Mas como isso participa do aprendizado do Tao? Duas respostas provisórias: I) pelo fato de aprendermos a sentir com o corpo e no corpo a naturalidade e a fluidez eficaz; II) e de adquirirmos habilidades motoras e perceptivas que são o fundamento de vários saberes taoistas. Quanto ao primeiro aspecto, destaco que certos conceitos filosóficos caros ao taoismo, como os de wújí (無極), de tàijí (太極) ou de wúwéi (無為), por exemplo, são de difícil compreensão quando ficam restritos ao nível do intelecto, mas algo simples no plano da experiência corporal. No começo, ao observar como faz o/a mestre/a, ou ao menos algum/a praticante mais experiente, fica evidente uma certa graciosidade eficaz, sem esforço e aparentemente sem intencionalidade. Depois, com o tempo de treinamento, isso se evidencia na experiência pessoal, ao se ganhar gradualmente maestria sobre uma determinada técnica, até que ela faça parte da potência do corpo, não sendo mais algo distinto dele. Uma vez compreendido o gesto exemplar da técnica, com suas nuances sutis, o caminho é repetir e repetir, treinando até se apropriar dele. Em um primeiro momento, para certos/as estudantes, o intelecto pode ajudar a sistematizar uma compreensão rudimentar inicial, mas o verdadeiro aprendizado é sem palavras. É ele que sedimenta o conhecimento, que passa a fazer parte do repertório potencial de habilidades corporais.

É assim que 1 hábil artista marcial executa uma técnica em uma fração de segundo, reagindo à situação sem pensar. Também desse modo, 1 acupunturista experiente lê toda a condição de 1 paciente ao tocar seus pulsos e auscultá-los e insere as agulhas em pontos precisos de modo indolor. Dessa maneira, também a meditação começa, simplesmente ao se assumir a postura corporal e a atitude existencial correta: o qì se manifesta e começa a circular espontaneamente. Cada uma das habilidades que venho desenvolvendo gradualmente ao longo dos anos se deve à convivência com exemplos vivos: o mestre, um/a professor/a, um/a irmã/o de treinamento mais generosa/o que abriu as portas da compreensão ao proporcionar uma experiência marcante. Uma vez entendida a direção a seguir, só então, livros, imagens, vídeos e outros recursos didáticos e mnemônicos podem cumprir seu papel como ferramentas auxiliares ao aprendizado direto (corpo a corpo), graças à experiência pessoal previamente adquirida. O Caminho não se esgota: quanto mais se aprofunda, mais há a aprender e a compartilhar. Mas a partir de certo ponto é um aprendizado diferente: em vez de aumentar o volume de conhecimento, aprofunda-se a sua compreensão a tal ponto que o conhecimento se simplifica e se integra. Começamos a perceber os mesmos princípios que se expressam em diferentes áreas e múltiplas aplicações. Que perfeição! O próprio treinamento, se praticado corretamente, torna-se também um professor.

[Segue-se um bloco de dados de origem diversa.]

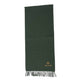 mila schon logo apparel muffler cold weather accessory fashion accessory muffler wool ladies green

No primeiro capítulo do Suwen (素問), o Imperador Amarelo, uma dos imperadores míticos fundadores da civilização chinesa, que teria iniciado seu reinado no ano 2697 A.C., pergunta ao médico taoista Qibo porque os seres humanos do passado eram capazes de viver mais de cem anos em boas condições de saúde, enquanto os de sua época estavam decrépitos aos cinquenta.
Obviamente, estamos diante da referência a uma época mítica quando se vivia em consonância com o Tao. E contrasta com a situação histórica na época em que o texto é escrito, na qual o desconhecimento do Tao levava a vidas curtas e adoecimento. Embora o texto seja antigo, a lição contida na resposta de Qibo é simples e continua atual: conhecendo e cultivando a harmonia de Yīn e Yáng, é possível ter uma vida longa e saudável. Logo, a saúde começa com os hábitos. Um estilo de vida simples e sem excessos, nem de trabalho, nem nos prazeres. Atento aos ritmos do dia e das estações, para regular as atividades em harmonia com as condições naturais e protegendo-se de fatores climáticos prejudiciais. O cultivo do coração tranquilo diante dos acontecimentos da vida, sem euforia diante dos objetivos atingidos e desejos realizados, nem desespero diante das tragédias e frustrações. Portanto, a saúde resultaria de um saber viver combinado à constituição da pessoa. Os tratamentos se tornariam necessários quando saímos do equilíbrio e perdemos a capacidade de fluir com a vida, seja em função de nossos hábitos, sejam em função de acontecimentos que abalam o cotidiano.